Sasha Wardell has been working in bone china since 1982. Her formal training in ceramics included both undergraduate and postgraduate degrees and industrial training secondments to L’Ecole Nationale des Arts Decoratifs, Limoges, France, and the Royal Doulton design studio, Stoke on Trent, UK.
An industrial approach to the traditional bone china manufacturing process has strongly influenced the way in which Sasha presently works, reflecting her fascination for methods and materials which present a challenge. It is for this reason that bone china, with all its idiosyncracies, has remained her favourite material.
“Bone china is a very “single-minded” clay which forces clarity and precision, whilst demanding perseverance from the maker.
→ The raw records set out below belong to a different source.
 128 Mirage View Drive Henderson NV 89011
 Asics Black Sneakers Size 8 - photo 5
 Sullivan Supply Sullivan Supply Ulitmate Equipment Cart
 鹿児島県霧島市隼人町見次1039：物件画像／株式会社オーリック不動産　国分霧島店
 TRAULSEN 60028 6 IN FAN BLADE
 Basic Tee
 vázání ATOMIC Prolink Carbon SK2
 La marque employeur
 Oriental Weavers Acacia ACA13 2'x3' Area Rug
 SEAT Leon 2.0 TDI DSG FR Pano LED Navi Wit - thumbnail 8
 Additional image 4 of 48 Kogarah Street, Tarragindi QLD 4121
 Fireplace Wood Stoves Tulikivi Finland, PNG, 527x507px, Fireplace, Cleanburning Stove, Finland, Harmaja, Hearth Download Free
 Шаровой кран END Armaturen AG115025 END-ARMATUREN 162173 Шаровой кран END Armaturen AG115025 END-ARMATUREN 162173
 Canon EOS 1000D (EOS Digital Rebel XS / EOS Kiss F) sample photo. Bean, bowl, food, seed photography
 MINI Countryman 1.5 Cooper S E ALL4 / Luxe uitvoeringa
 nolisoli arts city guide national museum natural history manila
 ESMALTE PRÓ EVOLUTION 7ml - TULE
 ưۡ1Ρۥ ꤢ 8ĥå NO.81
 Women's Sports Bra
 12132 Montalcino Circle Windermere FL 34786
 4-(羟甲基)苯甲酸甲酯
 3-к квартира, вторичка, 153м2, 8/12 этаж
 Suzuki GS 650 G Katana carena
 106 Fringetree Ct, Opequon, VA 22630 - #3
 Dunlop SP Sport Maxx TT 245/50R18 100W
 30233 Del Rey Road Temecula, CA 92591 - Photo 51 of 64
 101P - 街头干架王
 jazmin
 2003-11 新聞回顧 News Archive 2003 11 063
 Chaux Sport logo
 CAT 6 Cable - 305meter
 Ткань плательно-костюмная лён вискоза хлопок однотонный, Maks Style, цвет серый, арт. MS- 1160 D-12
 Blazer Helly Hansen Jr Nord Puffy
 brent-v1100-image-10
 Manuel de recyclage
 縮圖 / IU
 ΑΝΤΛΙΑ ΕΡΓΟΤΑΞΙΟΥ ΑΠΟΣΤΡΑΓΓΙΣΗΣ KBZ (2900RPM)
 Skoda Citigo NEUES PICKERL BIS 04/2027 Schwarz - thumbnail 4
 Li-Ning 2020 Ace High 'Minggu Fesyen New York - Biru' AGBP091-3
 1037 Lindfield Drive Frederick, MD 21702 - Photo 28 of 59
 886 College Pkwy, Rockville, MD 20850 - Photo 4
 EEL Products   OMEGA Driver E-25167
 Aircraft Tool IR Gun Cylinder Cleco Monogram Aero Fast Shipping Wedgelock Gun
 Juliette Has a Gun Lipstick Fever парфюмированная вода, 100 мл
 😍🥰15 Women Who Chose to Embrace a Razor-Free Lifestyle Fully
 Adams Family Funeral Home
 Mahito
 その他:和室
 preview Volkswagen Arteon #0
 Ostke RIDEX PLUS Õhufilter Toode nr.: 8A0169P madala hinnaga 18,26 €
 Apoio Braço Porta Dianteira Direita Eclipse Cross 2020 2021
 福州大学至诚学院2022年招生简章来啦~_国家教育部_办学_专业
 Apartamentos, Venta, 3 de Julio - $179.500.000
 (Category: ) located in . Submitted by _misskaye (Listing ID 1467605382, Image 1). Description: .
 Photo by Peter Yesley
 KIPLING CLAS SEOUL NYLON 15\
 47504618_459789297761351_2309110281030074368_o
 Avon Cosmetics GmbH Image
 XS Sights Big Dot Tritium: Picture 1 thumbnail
Possessing qualities of intense whiteness, translucency and strength, makes it very seductive material to work with,” says Wardell.
“Architectural detail and sections of structure combined with my evolving interest in illusions, provide the starting point for my pieces – and the inherent qualities of the clay do the rest. I find that the whiteness of bone china clay offers a pure blank canvas for the applications of colour, and its translucency enhances any varying degrees of luminosity.”
By adding a carefully selected colour palette to the striking white bone china, coupled with unique decorating techniques evolved through painstaking trial and error, Wardell has developed ranges of distinctive signature work that is sought after by personal collectors, museums and galleries worldwide.